Exercise inputs ->
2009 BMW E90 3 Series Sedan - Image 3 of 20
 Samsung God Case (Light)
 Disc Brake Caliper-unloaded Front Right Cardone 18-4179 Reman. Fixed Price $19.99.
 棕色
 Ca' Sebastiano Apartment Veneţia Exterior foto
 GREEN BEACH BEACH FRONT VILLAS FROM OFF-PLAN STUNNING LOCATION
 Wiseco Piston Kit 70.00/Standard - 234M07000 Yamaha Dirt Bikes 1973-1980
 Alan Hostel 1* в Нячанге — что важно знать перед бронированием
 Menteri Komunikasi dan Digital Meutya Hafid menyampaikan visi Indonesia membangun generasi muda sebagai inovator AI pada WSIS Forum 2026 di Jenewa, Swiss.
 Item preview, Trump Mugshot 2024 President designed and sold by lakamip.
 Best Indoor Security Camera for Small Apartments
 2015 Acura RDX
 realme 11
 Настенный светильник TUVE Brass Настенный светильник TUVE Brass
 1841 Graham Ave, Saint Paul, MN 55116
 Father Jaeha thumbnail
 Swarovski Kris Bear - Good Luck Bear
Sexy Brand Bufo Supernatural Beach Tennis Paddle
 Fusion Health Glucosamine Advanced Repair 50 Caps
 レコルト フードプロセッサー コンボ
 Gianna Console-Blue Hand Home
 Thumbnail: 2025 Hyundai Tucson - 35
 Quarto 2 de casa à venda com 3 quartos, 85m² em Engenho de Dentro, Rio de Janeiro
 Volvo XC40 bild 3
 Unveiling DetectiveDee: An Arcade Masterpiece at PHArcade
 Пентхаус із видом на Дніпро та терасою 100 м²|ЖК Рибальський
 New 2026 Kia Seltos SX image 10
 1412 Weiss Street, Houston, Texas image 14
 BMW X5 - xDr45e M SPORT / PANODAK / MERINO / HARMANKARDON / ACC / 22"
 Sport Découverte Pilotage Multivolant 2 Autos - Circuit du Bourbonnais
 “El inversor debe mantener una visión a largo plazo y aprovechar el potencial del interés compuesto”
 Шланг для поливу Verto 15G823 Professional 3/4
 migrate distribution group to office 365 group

About this exercise -> Every entry is to be printed exactly as given.

Exercise response ->
2009 BMW E90 3 Series Sedan - Image 3 of 20
 Samsung God Case (Light)
 Disc Brake Caliper-unloaded Front Right Cardone 18-4179 Reman. Fixed Price $19.99.
 棕色
 Ca' Sebastiano Apartment Veneţia Exterior foto
 GREEN BEACH BEACH FRONT VILLAS FROM OFF-PLAN STUNNING LOCATION
 Wiseco Piston Kit 70.00/Standard - 234M07000 Yamaha Dirt Bikes 1973-1980
 Alan Hostel 1* в Нячанге — что важно знать перед бронированием
 Menteri Komunikasi dan Digital Meutya Hafid menyampaikan visi Indonesia membangun generasi muda sebagai inovator AI pada WSIS Forum 2026 di Jenewa, Swiss.
 Item preview, Trump Mugshot 2024 President designed and sold by lakamip.
 Best Indoor Security Camera for Small Apartments
 2015 Acura RDX
 realme 11
 Настенный светильник TUVE Brass Настенный светильник TUVE Brass
 1841 Graham Ave, Saint Paul, MN 55116
 Father Jaeha thumbnail
 Swarovski Kris Bear - Good Luck Bear
Sexy Brand Bufo Supernatural Beach Tennis Paddle
 Fusion Health Glucosamine Advanced Repair 50 Caps
 レコルト フードプロセッサー コンボ
 Gianna Console-Blue Hand Home
 Thumbnail: 2025 Hyundai Tucson - 35
 Quarto 2 de casa à venda com 3 quartos, 85m² em Engenho de Dentro, Rio de Janeiro
 Volvo XC40 bild 3
 Unveiling DetectiveDee: An Arcade Masterpiece at PHArcade
 Пентхаус із видом на Дніпро та терасою 100 м²|ЖК Рибальський
 New 2026 Kia Seltos SX image 10
 1412 Weiss Street, Houston, Texas image 14
 BMW X5 - xDr45e M SPORT / PANODAK / MERINO / HARMANKARDON / ACC / 22"
 Sport Découverte Pilotage Multivolant 2 Autos - Circuit du Bourbonnais
 “El inversor debe mantener una visión a largo plazo y aprovechar el potencial del interés compuesto”
 Шланг для поливу Verto 15G823 Professional 3/4
 migrate distribution group to office 365 group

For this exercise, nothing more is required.